If more than two candidates are on the ballot, the party will use instant-runoff voting to determine the winner.

Earlier this year, the Democratic Committee found itself under assault from some quarters over the running of its School Board caucuses. As a result, party leaders agreed to some changes, but left the format largely intact.

At the Dec. 7 meeting, Baker was quizzed why the party wouldn’t use electronic voting, as had been the case for one caucus several years ago.
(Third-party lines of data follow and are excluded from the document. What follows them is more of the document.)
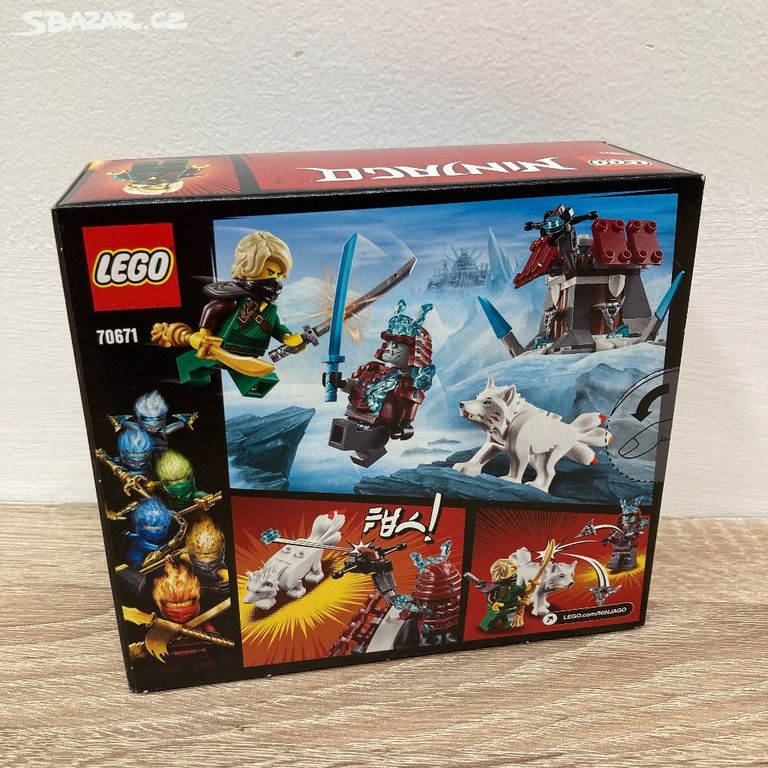 LEGO 70671 Lloydova cesta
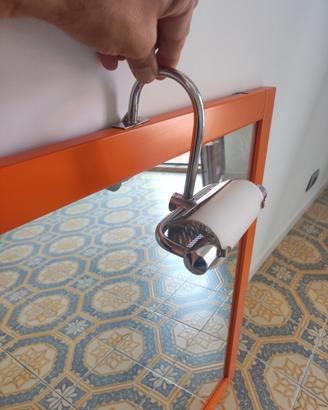 lampada per specchio 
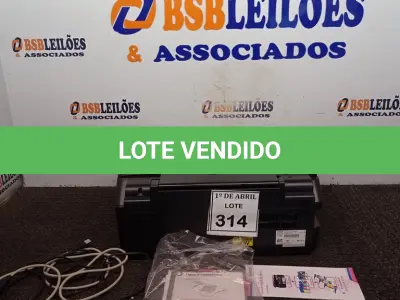 LOTE 314 - 01 IMPRESSORA EPSON TX410. (NO ESTADO) ATENÇÃO! FAZER A VISITAÇÃO ANTES DE ARREMATAR, NÃO SABEMOS SE FUNCIONA. LEILÃO NÃO TEM GARANTIA E NEM DEVOLUÇÃO, SUJEITO A POSSÍVEIS AVARIAS VISÍVEIS/OCULTAS E/OU AUSÊNCIA DE COMPONENTES.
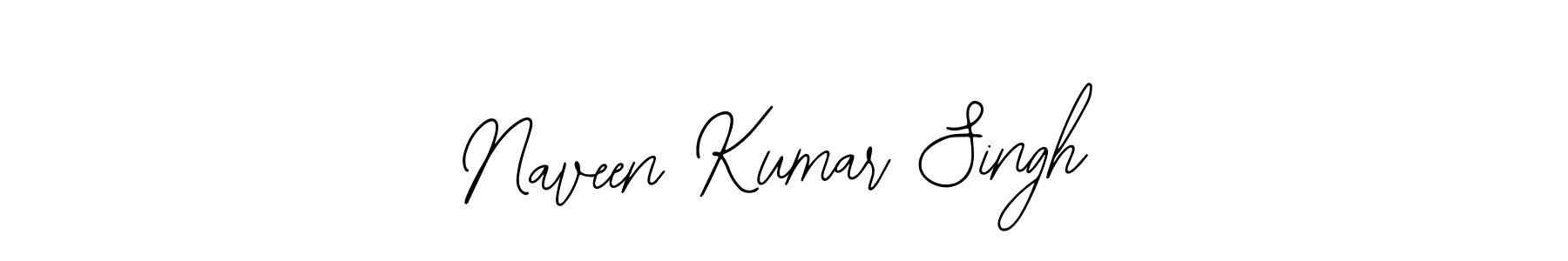 Also we have Naveen Kumar Singh name is the best signature style. Create professional handwritten signature collection using Bearetta-2O07w autograph style. Naveen Kumar Singh signature style 12 images and pictures png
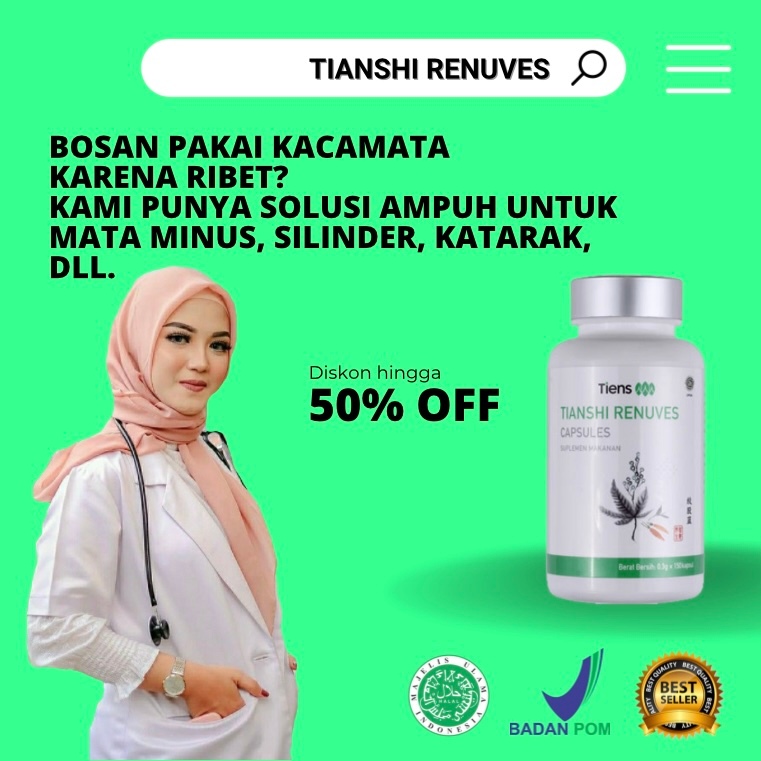Obat Mata Minus Paling Ampuh / Obat Mata Minus Rabun Jauh / Obat Mata Minus Rabun Jarak Jauh / Obat 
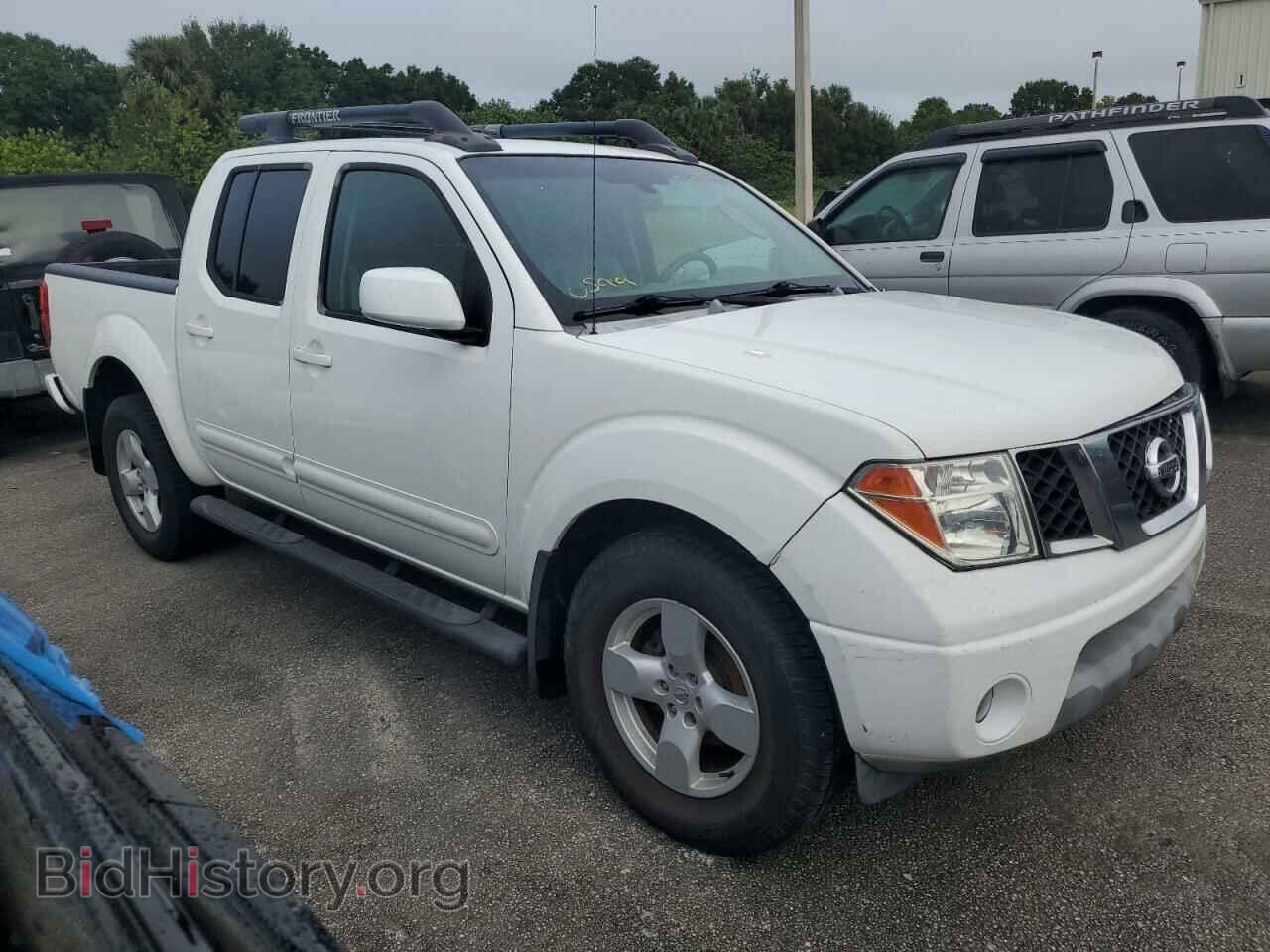 2006 NISSAN FRONTIER - VIN: 1N6AD07U86C402385 - Фото 4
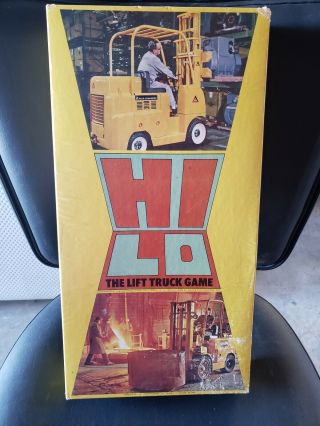 Hi Lo The Lift Truck Game Games For Industry,  Inc 1968 Allis - Chalmers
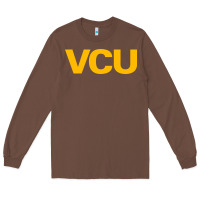 Chestnut Virginia Commonwealth University Long Sleeve Tee - linhVisuals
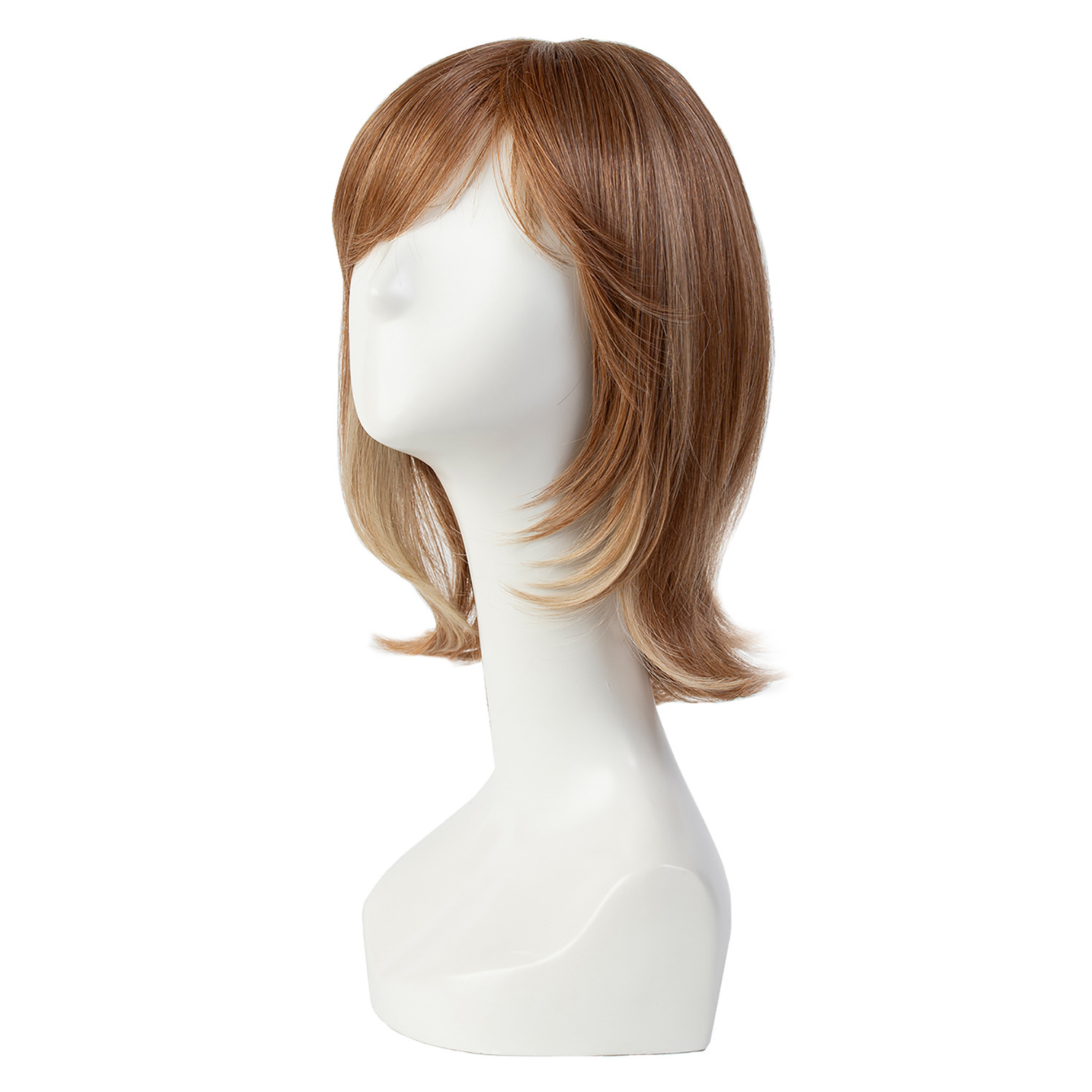 ＫＡＺＵＥウイッグ 手ぐしでふんわり ボリュームアップ！ ファッションウイッグ 外はねレイヤー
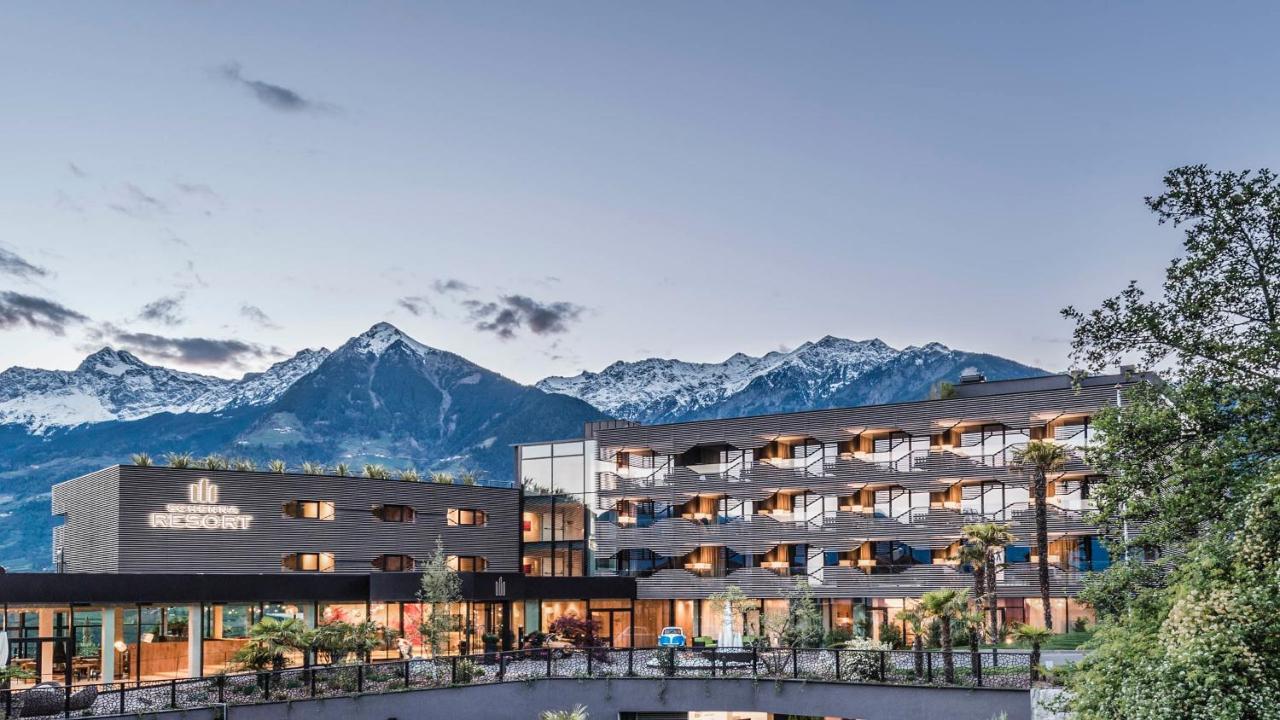Hotel Rosengarten Schenna Luaran gambar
His response: That innovation had been funded by a $60,000 grant, and absent similar outside funding, the party does not have the cash to hold electronic balloting.

“To us, it is a lot of money,” he said. “Financially, we’re just not able, convenient as it was.”

Veteran party activist Bob Platt said the proposal adopted Dec. 7 represented a step forward, given that it expanded voting options to two full weekend days plus a weekday evening.

“This is the most voting [hours] we have ever done in a School Board race,” he said.

In case of the very unlikely chance that no candidate files for the caucus, Democrats will have until June to come up with a candidate, with the logistics of doing so left to the party’s steering committee.

In Virginia, School Board seats formally are non-partisan positions, but political parties can, and frequently do, endorse candidates. Democrats have held a monopoly on the five Arlington School Board seats since the conclusion of service of Republican-backed independent David Foster, who won two terms before retiring in 2007.